Puntos fuertes y aspectos mejorables
Puntos fuertes
- Control de profundidad mediante pausas: el sinking te permite jugar con capas sin cambiar de señuelo.
- Acción consistente al variar ritmos: la bola interior se nota en que el comportamiento no “se deshilacha” cuando alternas continuidad y paradas.
- Alcance y cobertura según peso: 13/17 g hacen el trabajo cuando necesitas llegar lejos o compensar viento/corriente.
Aspectos mejorables
- Si vas a pescar con mucha vegetacion o fondos complicados, yo sería más estricto con la selección de peso: el 17 g tiende a llegar rápido y reduce el margen antes de que el señuelo contacte fondo; conviene ajustar pausas.
- El guardado importa: al ser un señuelo duro con anclajes, si lo guardas suelto y con enganches, el armaje puede deformarse o girarse y acabar alterando el nado. Un estuche con separación es, en mi rutina, casi obligatorio.
Consejos prácticos:
- En cada salida, hago un chequeo rápido de anillas y que los anzuelos no queden “torcidos” tras enganchones.

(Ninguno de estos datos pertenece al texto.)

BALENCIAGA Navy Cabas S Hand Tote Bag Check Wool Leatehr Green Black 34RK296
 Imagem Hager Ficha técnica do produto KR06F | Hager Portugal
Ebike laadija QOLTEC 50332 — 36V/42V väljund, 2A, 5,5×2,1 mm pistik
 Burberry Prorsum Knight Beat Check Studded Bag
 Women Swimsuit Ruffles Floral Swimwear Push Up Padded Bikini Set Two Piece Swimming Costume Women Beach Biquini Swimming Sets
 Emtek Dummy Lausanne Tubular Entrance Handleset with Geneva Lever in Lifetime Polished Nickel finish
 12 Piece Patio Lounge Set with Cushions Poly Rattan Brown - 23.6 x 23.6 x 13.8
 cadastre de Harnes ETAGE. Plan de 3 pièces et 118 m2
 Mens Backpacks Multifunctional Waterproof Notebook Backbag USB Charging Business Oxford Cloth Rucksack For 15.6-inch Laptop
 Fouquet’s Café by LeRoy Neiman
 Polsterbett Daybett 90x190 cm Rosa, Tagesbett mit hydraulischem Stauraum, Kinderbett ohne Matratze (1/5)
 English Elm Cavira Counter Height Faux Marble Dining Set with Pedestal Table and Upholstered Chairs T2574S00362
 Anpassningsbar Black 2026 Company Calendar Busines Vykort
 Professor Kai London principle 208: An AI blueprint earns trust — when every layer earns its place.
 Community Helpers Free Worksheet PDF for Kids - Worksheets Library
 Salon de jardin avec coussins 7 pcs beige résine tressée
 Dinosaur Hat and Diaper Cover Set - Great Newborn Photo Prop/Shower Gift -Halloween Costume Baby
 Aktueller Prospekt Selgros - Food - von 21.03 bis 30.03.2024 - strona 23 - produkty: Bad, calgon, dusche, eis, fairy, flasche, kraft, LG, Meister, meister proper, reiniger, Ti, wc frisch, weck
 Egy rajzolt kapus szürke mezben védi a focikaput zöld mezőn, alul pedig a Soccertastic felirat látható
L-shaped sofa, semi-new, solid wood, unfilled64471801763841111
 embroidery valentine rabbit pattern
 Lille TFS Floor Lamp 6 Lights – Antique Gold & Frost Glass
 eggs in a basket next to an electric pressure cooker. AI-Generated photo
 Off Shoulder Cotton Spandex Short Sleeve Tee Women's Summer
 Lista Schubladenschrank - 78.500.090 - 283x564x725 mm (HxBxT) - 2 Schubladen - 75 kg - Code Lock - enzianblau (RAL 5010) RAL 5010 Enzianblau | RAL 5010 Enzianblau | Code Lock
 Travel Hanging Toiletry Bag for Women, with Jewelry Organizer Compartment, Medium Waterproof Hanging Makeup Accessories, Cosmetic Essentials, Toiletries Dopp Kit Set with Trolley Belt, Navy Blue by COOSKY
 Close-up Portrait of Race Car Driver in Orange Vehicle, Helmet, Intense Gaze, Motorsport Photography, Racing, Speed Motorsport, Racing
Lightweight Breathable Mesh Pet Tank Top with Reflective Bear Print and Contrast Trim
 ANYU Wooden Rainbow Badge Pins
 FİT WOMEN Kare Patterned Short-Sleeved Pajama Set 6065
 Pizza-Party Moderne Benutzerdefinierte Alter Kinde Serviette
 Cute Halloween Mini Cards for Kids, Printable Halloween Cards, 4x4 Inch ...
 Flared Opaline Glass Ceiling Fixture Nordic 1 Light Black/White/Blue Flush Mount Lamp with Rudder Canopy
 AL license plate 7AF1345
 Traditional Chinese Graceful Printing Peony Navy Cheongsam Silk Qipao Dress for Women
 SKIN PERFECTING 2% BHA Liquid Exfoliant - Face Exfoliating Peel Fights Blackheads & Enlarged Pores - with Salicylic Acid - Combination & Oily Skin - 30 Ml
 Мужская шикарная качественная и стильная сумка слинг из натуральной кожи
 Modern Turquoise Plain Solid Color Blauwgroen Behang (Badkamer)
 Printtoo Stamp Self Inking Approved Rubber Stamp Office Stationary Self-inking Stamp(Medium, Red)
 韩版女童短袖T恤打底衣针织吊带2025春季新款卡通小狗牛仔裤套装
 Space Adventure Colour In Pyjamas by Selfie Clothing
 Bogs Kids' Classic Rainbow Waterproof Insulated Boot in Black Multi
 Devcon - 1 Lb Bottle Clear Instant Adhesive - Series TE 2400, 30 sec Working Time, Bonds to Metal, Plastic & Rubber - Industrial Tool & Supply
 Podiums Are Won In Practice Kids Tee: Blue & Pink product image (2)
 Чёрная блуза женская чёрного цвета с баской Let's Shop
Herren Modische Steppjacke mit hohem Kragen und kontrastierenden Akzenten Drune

- Tras pesca en agua salada o con mucha carga de sales, enjuago y seco. No basta con mojar: me interesa que no quede agua en torno a anillas y grapas.
- Evito golpear el lápiz contra el fondo del cubo o la caja. Los pencil con anzuelo expuesto son sensibles a deformar la línea de tiro del armaje.
Veredicto del experto
Lo veo como un lápiz sinking muy utilizable para quien quiere cubrir capas con un solo señuelo y decidir en tiempo real si el pez está más arriba o más abajo. La clave está en su respuesta consistente al cambio de ritmo y en cómo el hundimiento se integra con pausas cortas. Si buscas un señuelo para prospeccion vertical/horizontal en embalse y costa, el rango de 6/13/17 g te permite adaptar alcance y velocidad de llegada al fondo sin tener que replantear el set. Donde más rendimiento le saco es en jornadas de actividad variable, cuando alternar recogidos y paradas marca la diferencia.